On average, it takes anywhere between 60-150 days from the point of discovery for a bug to be patched. On top of that, the responsibility of implementing that patch is entirely reliant on someone installing the deployed update—and aren’t we all conditioned to ignore those reminders day-after-day? In fact, according to a study by Ponemon Institute, 60% of the cyberattacks in 2019 were caused by the exploitation of unpatched vulnerabilities

There’s even the possibility that the recent ransomware attack on Colonial Pipeline that forced the temporary halt of all pipeline operations in May 2021 resulted from the exploitation of an old, unpatched bug in the software (it should be noted that this is unconfirmed and details about the initial attack vector are still kept under wraps at the time of this writing).


Why we need an oversight system to solve today’s cybersecurity problems

The danger of exploitable software vulnerabilities is not new and it’s not going away. It’s been top of mind for decades, and led the Department of Defense to recommend the implementation of an oversight system that monitors and guards the host processor all the way back in 1983. That’s when the cybersecurity guidelines, named the Trusted Computer System Evaluation Criteria (TCSEC)—also known as the Orange Book—was first published. 

When the concept of a hardware-based oversight system was first described, it was only theoretical. However, Dover’s CoreGuard solution is making it a reality. The CoreGuard oversight system consists of a combination of hardware and software. The hardware part is the silicon IP that sits next to the host processor on the SoC and monitors every instruction issued to and received by the processor. The CoreGuard hardware ensures that all instructions comply to a set of software rules, called micropolicies which are informed by metadata. The combination of the micropolicies and metadata together give CoreGuard the information it needs to distinguish between good and bad instructions. If an instruction violates a microplicy, CoreGuard issues a violation to the host and stops it from executing before any damage is done.

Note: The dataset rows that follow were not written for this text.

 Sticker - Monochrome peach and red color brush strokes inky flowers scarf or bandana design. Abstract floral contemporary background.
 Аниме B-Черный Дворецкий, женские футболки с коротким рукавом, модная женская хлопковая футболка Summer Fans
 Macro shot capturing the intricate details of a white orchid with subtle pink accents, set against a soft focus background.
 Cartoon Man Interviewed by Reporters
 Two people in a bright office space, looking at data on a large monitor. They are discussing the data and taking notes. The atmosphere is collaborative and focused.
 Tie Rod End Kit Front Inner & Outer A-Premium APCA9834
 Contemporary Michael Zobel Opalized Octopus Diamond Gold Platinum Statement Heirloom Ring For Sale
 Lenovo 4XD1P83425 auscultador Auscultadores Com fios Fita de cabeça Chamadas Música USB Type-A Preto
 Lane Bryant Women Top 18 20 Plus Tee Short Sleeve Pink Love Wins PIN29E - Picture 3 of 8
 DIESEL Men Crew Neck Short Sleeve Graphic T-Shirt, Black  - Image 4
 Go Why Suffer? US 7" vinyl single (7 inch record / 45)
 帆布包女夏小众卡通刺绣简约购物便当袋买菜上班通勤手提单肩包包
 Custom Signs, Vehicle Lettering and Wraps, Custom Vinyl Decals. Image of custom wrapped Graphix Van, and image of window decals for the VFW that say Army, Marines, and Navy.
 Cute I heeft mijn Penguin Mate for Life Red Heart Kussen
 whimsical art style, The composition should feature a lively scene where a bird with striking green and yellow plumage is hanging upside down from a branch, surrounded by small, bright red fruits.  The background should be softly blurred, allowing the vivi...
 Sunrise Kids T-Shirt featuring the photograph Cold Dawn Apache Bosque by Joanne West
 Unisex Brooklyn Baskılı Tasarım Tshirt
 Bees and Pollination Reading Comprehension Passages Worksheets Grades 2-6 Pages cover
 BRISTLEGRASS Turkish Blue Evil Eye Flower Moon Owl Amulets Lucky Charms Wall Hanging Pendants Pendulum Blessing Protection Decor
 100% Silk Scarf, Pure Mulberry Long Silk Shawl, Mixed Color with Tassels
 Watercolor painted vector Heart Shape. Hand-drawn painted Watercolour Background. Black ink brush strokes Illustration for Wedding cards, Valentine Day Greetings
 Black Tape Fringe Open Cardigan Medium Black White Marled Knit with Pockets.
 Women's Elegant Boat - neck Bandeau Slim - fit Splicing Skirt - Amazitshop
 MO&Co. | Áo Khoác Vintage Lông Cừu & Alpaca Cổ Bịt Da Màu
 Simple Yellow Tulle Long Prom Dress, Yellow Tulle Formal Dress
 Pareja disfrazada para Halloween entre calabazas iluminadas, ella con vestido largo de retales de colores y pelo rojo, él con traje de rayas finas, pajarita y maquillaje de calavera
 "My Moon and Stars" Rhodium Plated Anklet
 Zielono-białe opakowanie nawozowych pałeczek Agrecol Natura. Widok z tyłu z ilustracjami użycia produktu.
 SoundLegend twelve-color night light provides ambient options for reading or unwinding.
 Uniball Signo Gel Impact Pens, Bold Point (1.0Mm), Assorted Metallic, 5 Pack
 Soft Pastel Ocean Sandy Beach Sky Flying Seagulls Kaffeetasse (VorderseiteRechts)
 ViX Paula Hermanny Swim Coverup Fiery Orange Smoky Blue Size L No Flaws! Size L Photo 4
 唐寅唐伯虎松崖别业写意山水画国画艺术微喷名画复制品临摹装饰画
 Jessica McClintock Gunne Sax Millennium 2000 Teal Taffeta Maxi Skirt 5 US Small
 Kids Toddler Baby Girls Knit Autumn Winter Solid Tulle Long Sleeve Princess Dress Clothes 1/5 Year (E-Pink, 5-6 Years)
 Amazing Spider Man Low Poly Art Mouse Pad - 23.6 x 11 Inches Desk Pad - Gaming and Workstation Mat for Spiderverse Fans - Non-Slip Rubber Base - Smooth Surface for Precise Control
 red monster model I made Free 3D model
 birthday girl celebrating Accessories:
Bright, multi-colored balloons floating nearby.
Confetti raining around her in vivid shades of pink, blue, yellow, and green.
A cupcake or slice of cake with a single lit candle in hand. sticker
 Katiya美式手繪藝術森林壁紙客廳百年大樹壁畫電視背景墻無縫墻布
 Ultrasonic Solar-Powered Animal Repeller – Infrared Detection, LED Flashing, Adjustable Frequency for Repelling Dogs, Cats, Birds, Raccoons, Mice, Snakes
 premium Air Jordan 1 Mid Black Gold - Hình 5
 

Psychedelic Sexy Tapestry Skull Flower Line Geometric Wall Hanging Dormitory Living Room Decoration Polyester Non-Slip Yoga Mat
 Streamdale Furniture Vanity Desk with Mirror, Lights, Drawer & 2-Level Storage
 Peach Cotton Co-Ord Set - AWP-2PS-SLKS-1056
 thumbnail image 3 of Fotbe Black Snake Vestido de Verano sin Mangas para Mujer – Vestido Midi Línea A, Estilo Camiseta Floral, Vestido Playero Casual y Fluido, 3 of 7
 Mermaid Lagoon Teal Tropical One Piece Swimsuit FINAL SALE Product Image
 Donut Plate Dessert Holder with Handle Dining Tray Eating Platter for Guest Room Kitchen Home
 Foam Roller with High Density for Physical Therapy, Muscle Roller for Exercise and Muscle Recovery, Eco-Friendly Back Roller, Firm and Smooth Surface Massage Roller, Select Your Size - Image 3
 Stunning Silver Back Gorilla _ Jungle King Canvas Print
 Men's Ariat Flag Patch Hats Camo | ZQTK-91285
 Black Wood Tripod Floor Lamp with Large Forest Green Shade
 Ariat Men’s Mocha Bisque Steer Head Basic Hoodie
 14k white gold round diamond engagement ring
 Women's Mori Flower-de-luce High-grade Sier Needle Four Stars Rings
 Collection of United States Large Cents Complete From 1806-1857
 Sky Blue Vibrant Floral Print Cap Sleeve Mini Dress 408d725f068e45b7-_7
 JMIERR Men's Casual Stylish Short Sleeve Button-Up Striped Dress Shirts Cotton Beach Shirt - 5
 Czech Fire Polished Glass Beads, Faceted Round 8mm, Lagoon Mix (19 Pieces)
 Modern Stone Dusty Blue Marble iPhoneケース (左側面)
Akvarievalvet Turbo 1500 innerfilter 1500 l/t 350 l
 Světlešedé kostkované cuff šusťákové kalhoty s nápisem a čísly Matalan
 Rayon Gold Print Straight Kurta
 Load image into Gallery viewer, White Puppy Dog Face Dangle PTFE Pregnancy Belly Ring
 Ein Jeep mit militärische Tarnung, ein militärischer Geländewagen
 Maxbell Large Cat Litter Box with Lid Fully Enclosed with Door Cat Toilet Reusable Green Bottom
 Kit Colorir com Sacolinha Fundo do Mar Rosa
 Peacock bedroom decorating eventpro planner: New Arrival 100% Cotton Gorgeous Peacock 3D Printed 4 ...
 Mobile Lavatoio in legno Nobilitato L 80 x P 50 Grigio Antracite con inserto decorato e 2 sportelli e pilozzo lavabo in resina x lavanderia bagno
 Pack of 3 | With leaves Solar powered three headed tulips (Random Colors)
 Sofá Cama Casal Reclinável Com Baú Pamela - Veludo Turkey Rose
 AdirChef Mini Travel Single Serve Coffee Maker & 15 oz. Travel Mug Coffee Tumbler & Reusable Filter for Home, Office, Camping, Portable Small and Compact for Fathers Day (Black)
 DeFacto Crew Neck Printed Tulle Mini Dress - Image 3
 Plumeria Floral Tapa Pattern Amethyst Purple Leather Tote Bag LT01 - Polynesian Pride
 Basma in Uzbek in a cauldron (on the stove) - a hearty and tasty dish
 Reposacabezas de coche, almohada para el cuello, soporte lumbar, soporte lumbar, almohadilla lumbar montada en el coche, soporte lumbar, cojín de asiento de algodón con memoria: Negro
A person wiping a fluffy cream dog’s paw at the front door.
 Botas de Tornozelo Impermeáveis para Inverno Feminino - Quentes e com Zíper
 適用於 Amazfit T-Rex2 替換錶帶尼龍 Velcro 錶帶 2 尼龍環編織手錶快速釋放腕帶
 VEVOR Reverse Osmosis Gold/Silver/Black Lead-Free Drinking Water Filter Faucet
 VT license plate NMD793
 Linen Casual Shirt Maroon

How the CoreGuard Oversight System protects against BadAlloc 

At the core of CoreGuard is our base set of micropolicies-—Heap, Read/Write/Execute (RWX), and Stack. These base micropolicies were designed because not only do they stop the exploitation of over the most common and severe types of vulnerabilities, including zero-days, they do not require alterations to be made to the application. Additional micropolicies can be added or updated at any time. For example, systems designed to go into smart cars (or any technology where AI/ML is being used), will likely want to add our AI Data Integrity micropolicy, which prevents the modification of data between digital signature authentication and the AI subsystem.

In the case of BadAlloc, any attempted buffer overflow exploitation and subsequent code injection attack would have been thwarted by our Heap and RWX micropolicies (included in base set). The Heap micropolicy enforces protection on heap blocks by assigning a color to each buffer where the data resides, as well as to the pointer of that buffer. It enforces that data cannot write to a buffer if the pointer’s color does not match that of the buffer. 

Meanwhile, RWX prevents subsequent code injection attacks by labeling regions of memory as being readable, writable, and/or executable. Any regions of memory that receive data from the network would only be labeled as readable or writable, but never executable. Labeling such regions as non-executable stops the injection and execution of any remote code.

In CoreGuard-protected embedded systems, buffer overflow vulnerabilities, like BadAlloc, are no longer a concern. CoreGuard is a proactive cybersecurity defense and it’s designed to stop entire categories of vulnerabilities—not just specific threats—including zero-days. That means whether it’s a buffer overflow vulnerability from 10 years ago, 5 seconds from now, or 20 years in the future, CoreGuard will stop it.